How to adjust Area and Perimeter into um from pixels


I am new to Cell profiler and am trying to get the collected perimeter and area data in um, not pixels. Any advice on how to do this?

Also, my pipeline often segments the cells where segmentation should not occur, leading to a higher cell count. Is the only solution editing my images prior to running the program?
Attached are the images of the bad segmentation & area/perimeter output. I’ve also attached the pipeline I’ve haphazardly created, which isn’t exactly working.

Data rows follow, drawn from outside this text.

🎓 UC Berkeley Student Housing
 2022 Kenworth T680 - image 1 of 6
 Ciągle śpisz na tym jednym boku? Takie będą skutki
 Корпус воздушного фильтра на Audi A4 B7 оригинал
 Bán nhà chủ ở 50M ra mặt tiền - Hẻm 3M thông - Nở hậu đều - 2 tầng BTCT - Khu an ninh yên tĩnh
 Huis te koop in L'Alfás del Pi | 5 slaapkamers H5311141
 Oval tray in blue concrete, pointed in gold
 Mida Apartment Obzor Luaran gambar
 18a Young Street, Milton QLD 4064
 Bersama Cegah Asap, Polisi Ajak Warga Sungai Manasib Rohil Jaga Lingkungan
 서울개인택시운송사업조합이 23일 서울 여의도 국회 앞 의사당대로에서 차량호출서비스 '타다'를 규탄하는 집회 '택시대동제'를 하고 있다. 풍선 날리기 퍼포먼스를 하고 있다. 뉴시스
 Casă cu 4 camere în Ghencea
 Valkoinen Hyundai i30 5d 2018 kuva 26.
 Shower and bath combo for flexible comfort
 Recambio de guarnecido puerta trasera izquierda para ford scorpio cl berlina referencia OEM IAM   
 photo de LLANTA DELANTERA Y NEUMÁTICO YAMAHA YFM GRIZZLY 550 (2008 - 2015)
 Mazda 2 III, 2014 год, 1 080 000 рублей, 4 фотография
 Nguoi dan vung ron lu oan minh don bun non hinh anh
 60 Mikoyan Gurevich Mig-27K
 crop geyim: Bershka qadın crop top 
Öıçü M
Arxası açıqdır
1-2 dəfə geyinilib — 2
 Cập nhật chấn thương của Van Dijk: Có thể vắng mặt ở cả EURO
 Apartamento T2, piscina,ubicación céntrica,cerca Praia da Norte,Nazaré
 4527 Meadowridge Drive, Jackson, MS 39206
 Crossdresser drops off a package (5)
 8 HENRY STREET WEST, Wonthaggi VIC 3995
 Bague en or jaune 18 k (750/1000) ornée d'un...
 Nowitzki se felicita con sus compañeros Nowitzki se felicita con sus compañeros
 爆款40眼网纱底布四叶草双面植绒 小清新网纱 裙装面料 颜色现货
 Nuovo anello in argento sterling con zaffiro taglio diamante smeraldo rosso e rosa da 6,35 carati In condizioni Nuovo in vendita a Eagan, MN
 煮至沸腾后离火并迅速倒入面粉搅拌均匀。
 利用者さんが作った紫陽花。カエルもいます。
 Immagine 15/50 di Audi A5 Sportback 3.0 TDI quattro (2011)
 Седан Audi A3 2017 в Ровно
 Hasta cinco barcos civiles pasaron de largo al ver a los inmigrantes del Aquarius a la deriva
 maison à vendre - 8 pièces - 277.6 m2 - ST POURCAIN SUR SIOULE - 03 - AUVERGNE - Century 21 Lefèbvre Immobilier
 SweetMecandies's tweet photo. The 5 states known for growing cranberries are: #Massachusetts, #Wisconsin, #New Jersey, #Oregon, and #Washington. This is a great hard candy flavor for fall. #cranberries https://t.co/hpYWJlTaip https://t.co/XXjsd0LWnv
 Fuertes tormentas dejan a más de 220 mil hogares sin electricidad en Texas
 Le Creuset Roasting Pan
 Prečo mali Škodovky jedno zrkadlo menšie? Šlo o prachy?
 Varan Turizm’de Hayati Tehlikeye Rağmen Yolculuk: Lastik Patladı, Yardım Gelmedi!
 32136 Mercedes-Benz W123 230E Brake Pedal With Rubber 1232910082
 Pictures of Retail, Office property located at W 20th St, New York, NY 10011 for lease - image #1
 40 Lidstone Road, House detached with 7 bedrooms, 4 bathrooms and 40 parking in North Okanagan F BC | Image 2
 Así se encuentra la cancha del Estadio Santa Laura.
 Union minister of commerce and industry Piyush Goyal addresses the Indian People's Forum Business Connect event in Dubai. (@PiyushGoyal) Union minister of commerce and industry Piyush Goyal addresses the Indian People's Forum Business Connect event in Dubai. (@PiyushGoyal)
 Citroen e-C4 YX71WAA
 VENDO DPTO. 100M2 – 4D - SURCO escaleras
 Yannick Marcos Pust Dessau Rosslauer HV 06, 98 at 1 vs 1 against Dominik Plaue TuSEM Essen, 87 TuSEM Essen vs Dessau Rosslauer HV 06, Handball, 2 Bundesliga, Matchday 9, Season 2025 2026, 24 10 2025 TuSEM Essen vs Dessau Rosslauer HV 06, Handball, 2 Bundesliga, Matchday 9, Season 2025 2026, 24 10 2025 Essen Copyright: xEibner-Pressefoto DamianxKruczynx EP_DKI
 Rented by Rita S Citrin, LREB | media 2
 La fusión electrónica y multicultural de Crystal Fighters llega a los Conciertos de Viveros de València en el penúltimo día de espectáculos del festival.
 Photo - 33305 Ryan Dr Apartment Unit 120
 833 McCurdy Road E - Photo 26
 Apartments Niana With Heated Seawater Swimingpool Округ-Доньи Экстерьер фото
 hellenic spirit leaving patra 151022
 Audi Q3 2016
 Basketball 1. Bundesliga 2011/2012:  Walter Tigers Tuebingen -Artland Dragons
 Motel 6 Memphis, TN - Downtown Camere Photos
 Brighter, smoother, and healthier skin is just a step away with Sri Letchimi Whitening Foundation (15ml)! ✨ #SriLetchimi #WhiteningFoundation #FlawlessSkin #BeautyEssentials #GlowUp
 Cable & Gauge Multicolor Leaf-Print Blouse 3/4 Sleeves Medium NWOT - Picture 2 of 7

Thanks in advance for any support!

cellprofilerqa|690x449 .


bb_pipeline4.0.cpproj (455.4 KB)

Hi @jjwpark,

To convert to um you’ll need to find out the scale factor at which your particular images were captured, since the microscope used will effect how big a single pixel is in microns. This can often be found in the image metadata.

The segmentation you showed looks like it’s been set up to try to separate touching objects too aggressively. You might want to try altering the expected object size parameters, alongside the method for distinguishing clumped objects. Unfortunately it’s difficult for us to test your pipeline without a sample image to run with it.

Hope that helps

@DStirling Thank you so much for your response!
I’ve attached a sample image, if that helps.
The scale bar is attached.

Also, do you know how I can set theIdentifySecondaryObjects module to recognize the cells within the cell wall? I’ve photoshopped the images prior and that seems to work but I’m wondering if there is a quicker method to accomplish this.

Thanks again.

Hi @jjwpark

Is the example you provided one of the actual images that you’re loading into the pipeline? In general it’s best not to be editing images before trying to perform analysis, and usually you’ll need to export an image without a scale bar in order to analyse properly.

Could you also confirm what you mean by “cells within the cell wall”? Is this the only channel that you captured or are there other stains involved?